W niedzielę rano dwie pracownice kolei państwowych SNCB/NMBS zostały zaatakowane w pobliżu dworca Bruxelles-Midi. Napastnik uderzył je metalowym prętem, raniąc jedną w głowę, drugą w twarz. Zdarzenie wywołało dwugodzinny strajk protestacyjny załogi i ponownie zwróciło uwagę na narastający problem bezpieczeństwa na brukselskich stacjach. Związki zawodowe alarmują, że agresja wobec pracowników kolei stała się zjawiskiem powszednim i domagają się pilnych działań.
Przebieg zdarzenia
Do ataku doszło tuż przed godziną 8:00 od strony placu Victora Horty.

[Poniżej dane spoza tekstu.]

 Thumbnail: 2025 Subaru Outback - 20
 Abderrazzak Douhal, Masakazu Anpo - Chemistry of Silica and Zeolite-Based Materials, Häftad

Dwie pracownice kas biletowych przebywały na przerwie przed budynkiem dworca. Jak relacjonuje Maxime Van Laere, brukselski przedstawiciel CSC Transcom, napastnik podszedł do nich od tyłu i uderzył metalowym prętem — jedną w głowę, drugą w twarz.
Poszkodowane schroniły się wewnątrz dworca, gdzie ich współpracownicy zawiadomili służby ochrony Securail. Obie kobiety złożyły zawiadomienie na posterunku policji znajdującym się na terenie stacji, po czym trafiły do szpitala. Do domów wróciły wczesnym popołudniem.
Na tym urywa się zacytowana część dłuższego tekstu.